Fourth Sunday of Easter in Year C (Saler16)

A Trinitarian / Ecclesial Tapestry  Robert Saler reflects on living into the economy of trinity and church.

Care for Creation Commentary on the Revised Common Lectionary

Readings for the Fourth Sunday of Easter, Year C (2016, 2019, 2022, 2025)
Acts 9:36-43
Psalm 23
Revelation 7:9-17
John 10:22-30

The Acts 9 reading for today is a clear instance of how the logic of Acts’ depiction of the early church works. In what we would today call a “callback” to Luke 8, Peter resurrects a woman who has died—in this case, a disciple of Jesus. Meanwhile, in the John reading, Jesus has a plain occasion against his opponents to state—in the high Christological fashion characteristic of that gospel—the plain fact of his literal identity with the Father: “the Father and I are one.”

Taken together, the readings weave a sort of Trinitarian/ecclesial tapestry. What is the point of the Trinity? It is that the character of Jesus reveals the character of God. William Placher, the late professor of theology at Wabash College, was fond of telling a poignant story wherein he was at the bedside of a dying woman. Turning to him as her resident theology expert, she said to him, “Bill, I just have one question. Is God really like Jesus?” As this dying woman prepared to meet the God whom she had worshipped most of her life in church, her main question was whether the character of that God is trustworthily revealed in what we know of Jesus from the gospel accounts. The point of Trinitarian theology, behind all of its metaphysical nuances and exegetical subtlety, is really to be able to give a “yes” answer to that question.

And if Jesus truly reveals the character of God, then the point of the parallelism between the Jesus of the Gospels and the early church in the book of Acts is to continue that symmetry and identity even further.
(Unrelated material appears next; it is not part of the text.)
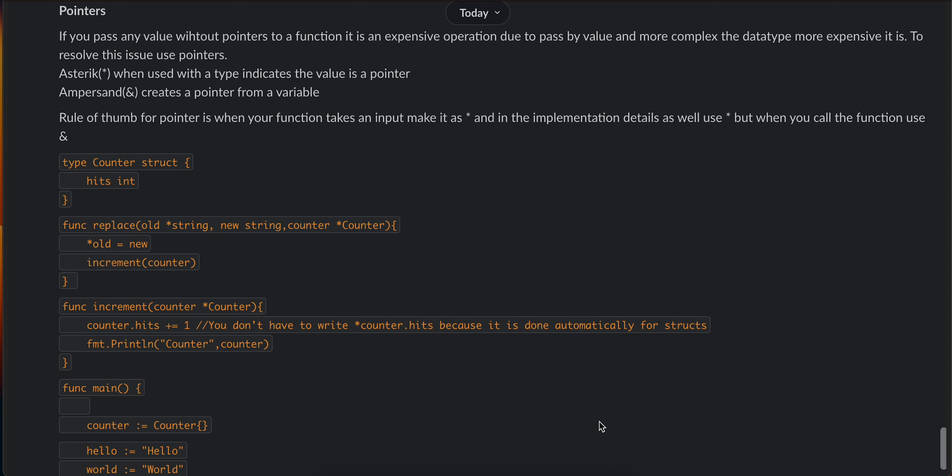Here you can see I've created one example: type Counter struct, it's int. Then I created a replace method replacing the old string with the new string, and I'm incrementing the counter.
Jesus is really like God, and when the church is at its best, it is “really like” Jesus. Jesus suffers on the cross: this event has implications in the life of God, and it creates a church that is willing to suffer rather than dominate (at least, at its best!). The church has, clearly, failed spectacularly at various points in history to live into this symmetry—and indeed, no more so than when the church is powerful on cultural and political terms. But the vision is still present, and it still finds embodiment in countless (largely anonymous) works of care and humility throughout time and space. As the theologian Bruce Marshall has stated, the church is not a by-product of the gospel; the church is part of the gospel itself. The real body of Jesus of Nazareth gives way to the real body of Christ formed by the church community acting in the name and Spirit of Jesus.

For those engaged in the work of creation care, then, this Sunday is a chance to reflect on what it means to live into this symmetry in a world imperiled by our radical failures to live lives of love, healing, and reconciliation. If, as activists say, “the master’s tools cannot dismantle the master’s house,” then environmental activists cannot actively mimic the ways of domination that got our planet into its mess. This is not to say that we do not occasionally engage in leveraging power through community organization, politics, etc.—indeed, those are crucial parts of environmental activism. But the church’s role is to ground such action in a broader economy of God’s salvation such that people look to the church’s action and see in it the sort of logic that drove the early church to model itself upon a crucified and resurrected Galilean peasant.

If Jesus truly shows God, and the church truly shows Jesus, then how does the church go about the work of healing creation as Jesus did? What implications does this have for particularly Christian modes of environmental action, even as part of that answer surely involves solidarity with non-Christians? This Sunday is a rich time to reflect on these questions in robustly Trinitarian, ecclesially rich fashion.